Divorce: You are the weakest link...goodbye
Grey divorce, silver divorce, senior divorce. Whatever the label, the phenomenon of older couples separating is on the rise, and Ireland is no exception.
Recent headlines tell the tale. England football legend Peter Shilton(62) was said to have been heartbroken at the breakup of his 40-year marriage to wife, Sue.
Anne Robinson(67), former presenter of BBC's The Weakest Link, divorced her husband John after 27 years of marriage, stating they "simply grew apart".
Last year, Irish celebrity chef Paul Rankin (51) separated 'amicably' from his Canadian wife, Jeanne (49) 25 years after they'd wed.
In the US, the divorce rate among the over-50s has doubled in the last 20 years. In the UK the number of over-60s choosing to end their marriages has risen by almost one-third in the past decade.
In Ireland, while divorce rates remain the lowest in the EU, middle-aged partners constitute the demographic with the fastest growing rate of break-up.
The most recent CSO figures from 2006 show that middle-aged couples account for one in five of all splits. Marital breakdown peaks at around 47 years of age, dropping below 10pc from 60 onwards.
But professionals believe the statistics under-represent the scale of marital separation among older couples.
A counsellor with the charity Relationships Ireland, Tony Moore, reveals that a growing number of people who have been married 25 years or more are seeking help because they are dissatisfied and do not want to put up with a bad relationship any longer.
"About 20pc of my clients are older people and that has doubled in the past five years," he says.
He points out that the recession is forcing many separating couples to continue living in the same house, making the true number of split-ups even more tricky to determine.
As social stigma around separation wanes, older couples are re-assessing their marriages, often after the children have grown.
Professionals say financial dependence can often be the only thing holding a woman back from walking out of an unhappy marriage.
One counsellor recalls a client who waited until the first day she qualified for the state pension to leave her husband of many years. Usually it's the woman who is the instigator of the break-up.
Tony Moore cites "poor behaviour" as the biggest issue propelling them to terminate long marriages.
"In my experience this has got worse. We are not talking necessarily about physical violence, but a low level verbal and emotional abuse over a long period.
"They put up with it often because of children and because they are financially dependent on the man. But there are more and more support groups out there and women are realising they don't or shouldn't have to put up with it," he says.
Couples can also find that the business of their younger lives diverted them from potential problems but as they get older and spend more time together, those problems explode. The so-called mid-life crisis is often blamed in a marriage break-up when, more typically, the husband becomes involved with a younger person.

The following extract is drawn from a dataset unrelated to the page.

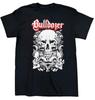 NEW BULLDOZER Band Album Heavy Cotton Black Shirt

Tony points out that offering counselling to couples at the latter stages can be very challenging.
"A couple comes along with a very-long term problem in their relationship. They are at a very low ebb and it is extremely difficult for a counsellor to help them sort through this long history.
"Usually, one or other partner isn't that interested in sorting it out. They say it has been going on too long."
He adds that a spouse, more often the husband, can on occasion, use the counselling session to reveal a secret affair. Despite the negative history, the other party is often left "completely gobsmacked'.'
"They have assumed everything is okay. This can happen because they have taken their eye off the ball. Very often people get to the age of 60 or 65 and the assumption is 'I might as well live this out'.
"They assume nothing is going to change so it can come as a huge shock if the other person decides to leave."
Afterwards, even the person who has initiated the break-up can experience sadness and loss following the initial euphoria, Tony says.
Anne Dempsey, Head of Communications with Third Age, a voluntary group which celebrates the contribution of older people in Irish life, says older couples who break up sometimes find themselves "out of step" with those around them.
"We get a number of calls to the Third Age helpline from older people who feel out of step with their peers. Most of their friends, family, siblings have remained married and this exacerbates that feeling that they are on their own," she says.
Being single again after a long marriage creates new challenges, particularly for women who are more often left financially disadvantaged.
And with Irish divorce both lengthy and expensive, it is not surprising that many older couples settle for the alternative of legal separations.